Because the energy partnership business is usually volume-driven and based on long-term contracts, moderate price declines need not be crippling. But major declines are another matter.

The drop in oil prices that started in late 2014, from more than $100 a barrel to less than half that price, was sharp enough to hurt.

“People began to worry: ‘What if half of the customers go bankrupt?’” said Brian Watson, lead portfolio manager of the Oppenheimer Steel Path MLP Alpha Plus mutual fund (MLPLX). But most energy partnerships survived and are benefiting from the oil price rebound. Recent oil prices in the $70 to $80 range should be sustainable, Mr. Loupis said.

The financial positions of the partnerships have also stabilized after a period of severe strain, several analysts said.

Unlike real estate investment trusts, which are required to pay out at least 90 percent of their free cash flow — cash that remains after operating and capital expenses — energy partnerships “have some leeway” on distributions, according to Stephen Ellis, a Morningstar analyst.

In 2014, many partnerships distributed 90 percent or more of their cash flow and dipped into capital needed for substantial projects, Mr. Edemeka of the PGIM Jennison fund said. Darin Turner, manager of the Invesco MLP fund (ILPAX), said that soured many investors, who simply said, “I’m not going to buy your stock.”

By now, though, many partnerships have changed course, slashing payouts and building up cash reserves.

“Instead of paying out 100 percent, some partnerships are paying out 60 percent or less,” said Colton Bean, analyst with the energy investment banker Tudor, Pickering, Holt & Co.

Mr. Watson of Oppenheimer said such dividend cuts have left energy partnerships with a stronger financial base, producing a 30 percent increase in available cash, on average. “That extra 30 percent can be applied to capital expenses,” Mr. Watson said.

Despite these improvements, there is, of course, no guarantee that the stocks — or the funds that own them — will rise much. Mr. Ellis of Morningstar describes energy partnership stocks as only “slightly undervalued.”

But Mr.
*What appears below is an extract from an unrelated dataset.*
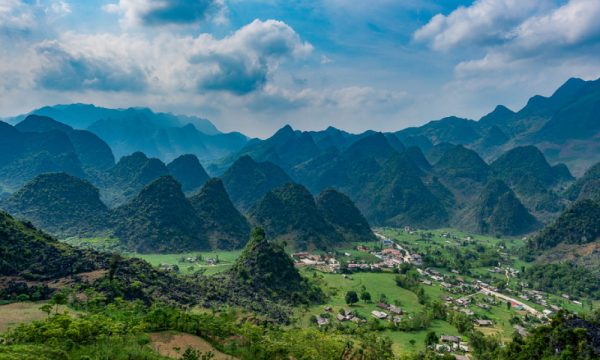 Mountain ranges in Ha Giang and village in the valley.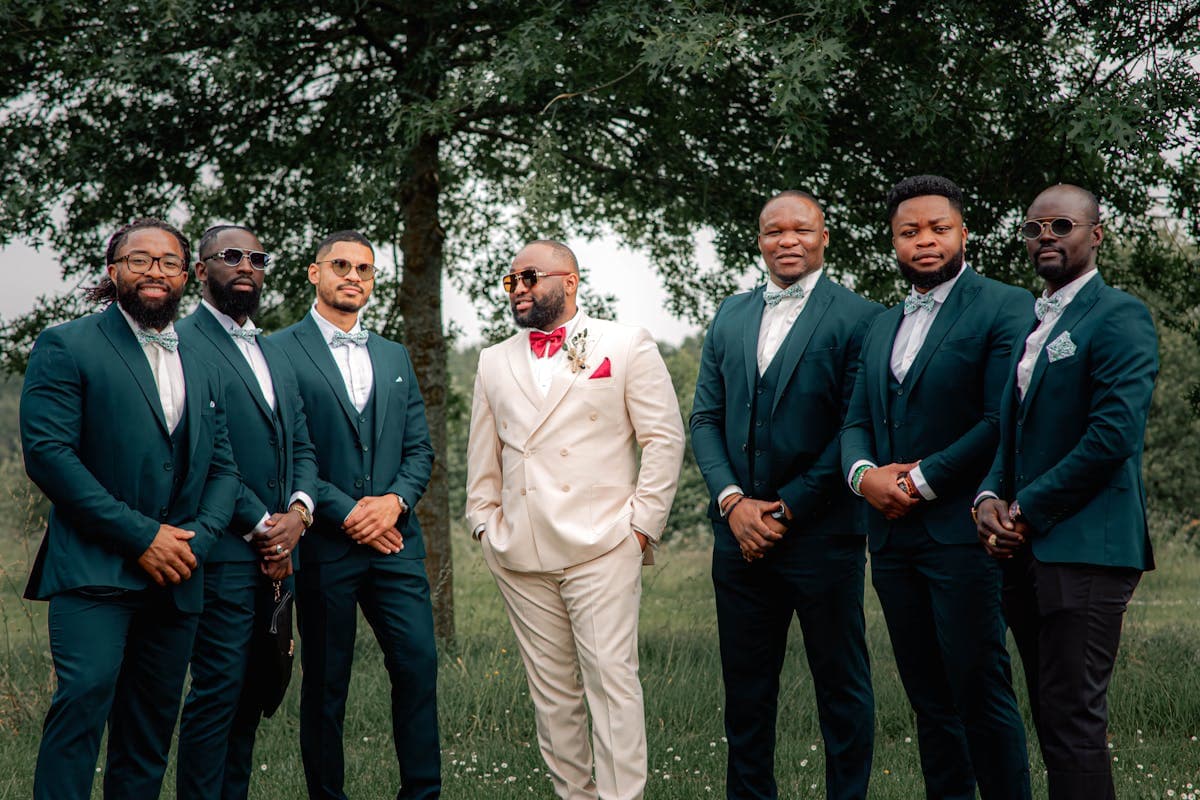 Group of groomsmen in well-fitted coordinated suits standing together at a wedding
Loupis suggests the undervaluation could be substantial. Energy partnership cash flow has typically grown at roughly 6.5 percent a year in the past, but he predicts annual growth of 8.6 percent from 2018 to 2020.

Partnership stocks are also at the lower end of their long-term price-to-earnings ratios. They usually trade at 13.1 to 24.7 times expected earnings, he said, but they have been selling at a 14 multiple, leaving room for price gains to supplement increasingly safe yields.